Right, that's 1 (was not aware that existed :-P)
And changing it to 0 solves the problem.
Next question is: how and why does it get set?
As userland has not changed (AFAIK), my first suspect remains the kernel.
# grep . /sys/devices/system/cpu/cpu*/cpufreq/ondemand/*
/sys/devices/system/cpu/cpu0/cpufreq/ondemand/ignore_nice_load:1
/sys/devices/system/cpu/cpu0/cpufreq/ondemand/powersave_bias:0
/sys/devices/system/cpu/cpu0/cpufreq/ondemand/sampling_rate:80000
/sys/devices/system/cpu/cpu0/cpufreq/ondemand/sampling_rate_max:40000000
/sys/devices/system/cpu/cpu0/cpufreq/ondemand/sampling_rate_min:40000
/sys/devices/system/cpu/cpu0/cpufreq/ondemand/up_threshold:90
/sys/devices/system/cpu/cpu1/cpufreq/ondemand/ignore_nice_load:1
/sys/devices/system/cpu/cpu1/cpufreq/ondemand/powersave_bias:0
/sys/devices/system/cpu/cpu1/cpufreq/ondemand/sampling_rate:80000
/sys/devices/system/cpu/cpu1/cpufreq/ondemand/sampling_rate_max:40000000
/sys/devices/system/cpu/cpu1/cpufreq/ondemand/sampling_rate_min:40000
/sys/devices/system/cpu/cpu1/cpufreq/ondemand/up_threshold:90
On Fri, 2009-06-12 at 10:25 -0700, Frans Pop wrote:
> Thanks for the quick reply Venki.
>
> On Friday 12 June 2009, Pallipadi, Venkatesh wrote:
> > What does ignore_nice under cpufreq/ondemand say?
>
> Right, that's 1 (was not aware that existed :-P)
> And changing it to 0 solves the problem.
OK. Good to know that there are no kernel bugs with honoring
ignore_nice_load setting. :)
> Next question is: how and why does it get set?
> As userland has not changed (AFAIK), my first suspect remains the kernel.
>
Kernel never sets this.
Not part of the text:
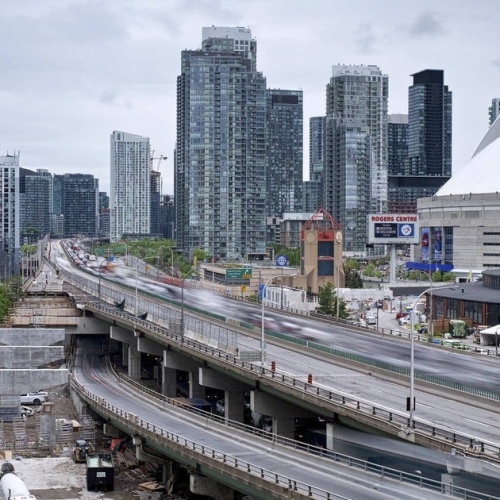 Underneath the elevated section of the Gardiner Expressway, Vector employees work to restore the crumbling columns and beams.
It is initialized to 0 and provides a /sys
interface to user. I think it is set by some user app
(gnome-power-manager or some other app like that). That explains why it
is 0 initially after boot and gets changed later.
The support for ignore_nice_load=1 was broken in kernel for a short
while (arounf 2.6.28, IIRC). That may be the reason why this behavior
was not noticed earlier.
Thanks,
Venki
On Friday 12 June 2009, Pallipadi, Venkatesh wrote:
> On Fri, 2009-06-12 at 10:25 -0700, Frans Pop wrote:
> > On Friday 12 June 2009, Pallipadi, Venkatesh wrote:
> > > What does ignore_nice under cpufreq/ondemand say?
> >
> > Right, that's 1 (was not aware that existed :-P)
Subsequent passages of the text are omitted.